BRIEF DESCRIPTION OF THE DRAWINGS
[0006] The present invention is explained in detail with reference
to the exemplary embodiments illustrated in the figures and the
description below.
[0007] FIG. 1 schematically shows a cross section of a sensor for
an electrochemical measuring probe near its measuring gas side end
according to section line I-I in FIG. 4.
[0008] FIG. 2 schematically shows a cross-section of the sensor
near its end away from the measuring gas according to section line
II-II in FIG. 4.
[0009] FIG. 3 schematically shows a top view of the individual
functional layers of the sensor illustrated in FIG. 1, without the
heater.
[0010] FIG. 4 schematically shows a top view of the four successive
bottom layers illustrated in FIG. 3.
[0011] FIG. 5 schematically shows an illustration of a modified
sensor similar to FIG. 1.
DESCRIPTION OF EXEMPLARY EMBODIMENTS
[0012] In accordance with an example embodiment of the present
invention, the sensor for an electrochemical measuring probe for
determining the oxygen concentration in the exhaust gas of internal
combustion engines, illustrated in FIGS. 1 and 2 in two different
section views, also known as planar lambda-1 probe or planar Sprung
probe, has a first support 11 made of yttrium-stabilized zirconium
oxide (ZrO.sub.2), on which a Nernst cell 12 is mounted, and a
second support 13 made of yttrium-stabilized zirconium oxide, on
which an electric heater 14 is mounted. The two supports 11, 13
have the same thickness.
[0013] Heater 14 includes a wave-shaped flat resistor 15, which is
embedded in an aluminum oxide (Al.sub.2O.sub.3) insulator 16 and is
connectable to a heating voltage. Resistor 15 and insulator 16 are
printed, for example, on the surface of second support 13.

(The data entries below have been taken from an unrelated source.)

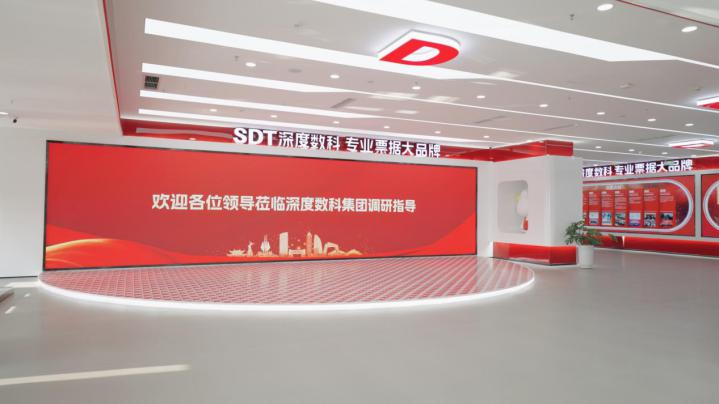 票据大品牌是怎样炼成的？回溯深度数科的专业锻造之旅(图4)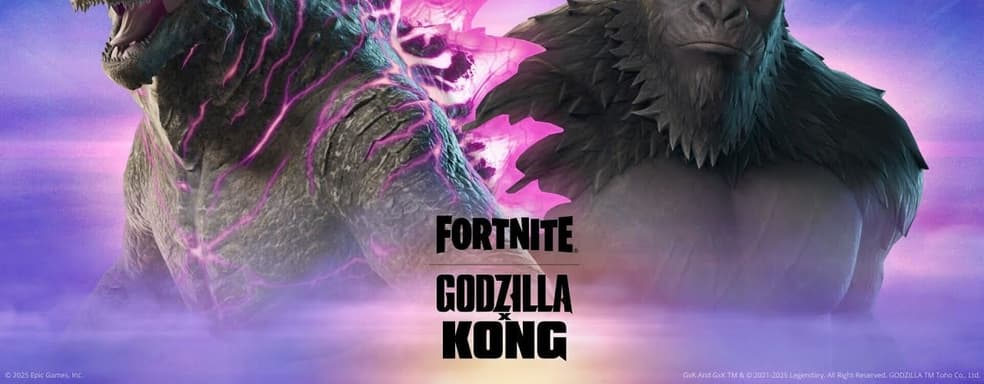 В Fortnite начались битвы с Годзиллой и Конгом
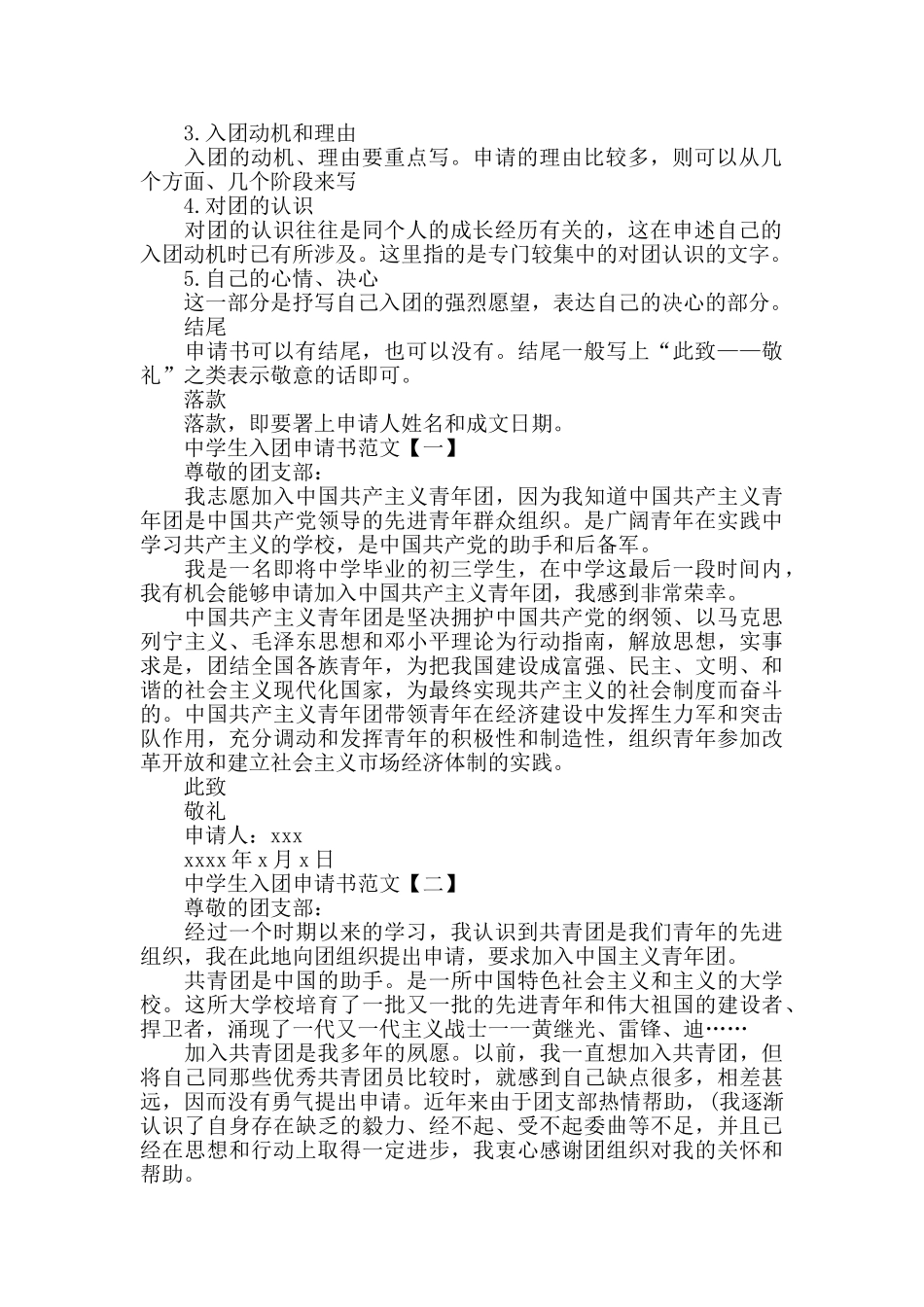 中学生入团申请书格式_第2页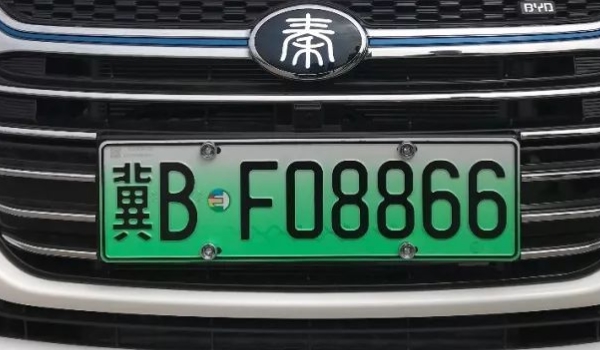 秦皇岛车牌在唐山算外地车吗(唐山机动车辆号牌简称)  第3张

Insulator 16 is advantageously enclosed by a sealing frame 17 made
of a solid electrolyte 21. First support 11 is permanently bonded
to insulator 16, e.g., via an insulating and non-ion-conducting
foil binder. Alternatively, both supports 11, 13 may be made of
aluminum oxide (Al.sub.2O.sub.3). This does not require an
insulator 16, and the aluminum oxide sealing frame encloses
resistor 15.
[0014] Nernst cell 12 has a reference electrode 18 on the measuring
gas side end of support 11, which is exposed to a reference gas,
normally air, via a reference gas channel 19, and an external
electrode 20 exposed to the measuring gas, i.e., the exhaust gas.

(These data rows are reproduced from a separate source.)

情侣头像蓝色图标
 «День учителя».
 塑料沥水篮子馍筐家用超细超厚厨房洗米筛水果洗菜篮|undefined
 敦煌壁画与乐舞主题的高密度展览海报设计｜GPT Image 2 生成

Reference electrode 18 and external electrode 20 are situated on
either side of solid electrolyte 21 facing away from one another
and are provided with electrical leads formed by flat conductor
tracks. Reference gas channel 19 is porously filled with aluminum
oxide, for example, and runs in the middle between two pairs of
leads lying directly on top of one another. One pair made up of a
first lead 22 and second lead 23 belongs to reference electrode 18,
and one pair made up of a first lead 24 and a second lead 25
belongs to external electrode 20. First lead 22 of reference
electrode 18 and first lead 24 of external electrode 20 are
situated in the plane of reference electrode 18, first lead 22
being connected to reference electrode 18 to form a single piece.

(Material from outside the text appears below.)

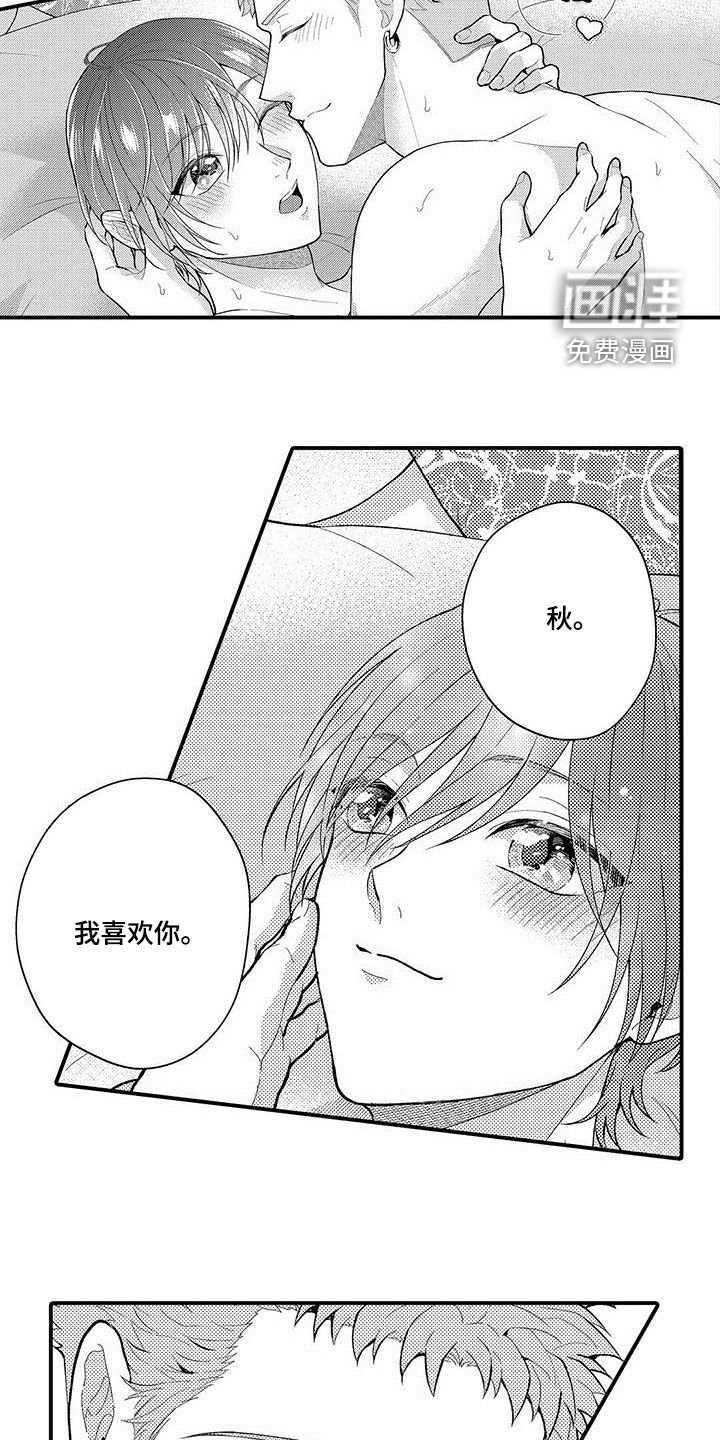 第37章：被抓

Second lead 23 of reference electrode 18 and second lead 25 of
external electrode 20 are in the plane of external electrode 20,
second lead 25 being connected to external electrode 20 to form a
single piece. Each pair of leads 22, 23 and 24, 25, respectively,
is covered by a bottom insulation layer 26 and a top insulation
layer 27, bottom insulation layer 26 being situated directly on the
surface of first support 11 and being cut out in the area of
reference gas channel 19, while top insulation layer 27 covers
second leads 22, 23 and reference gas channel 19 between them.
Leads 22, 23 and 24, 25, respectively, which lie directly on top of
one another in each pair, form, at the end of first support layer
11 away from the measuring gas, terminal contacts 28, 29 having a
larger cross section. As FIG. 2 shows, reference electrode 18
formed on the measuring gas side end of the sensor lies directly on
top of filled porous reference gas channel 19. Solid electrolyte 21
is situated between reference electrode 18 and external electrode
20, and external electrode 20 is covered by a gas-permeable
protective layer 30. FIG. 3 shows a top view of the above-described
individual functional layers of Nernst cell 12. These functional
layers are situated on top of one another starting with first
support 11. Support 11 is--like support 13--designed as a ceramic
foil, onto which the other functional layers are printed.
[0015] The sensor thus described is manufactured as follows,
reference being made to FIG. 3 and the reference numerals provided
there:
[0016] Bottom insulation layer 26, 27 is printed onto support foil
11, it being cut out in the area of reference gas channel 19.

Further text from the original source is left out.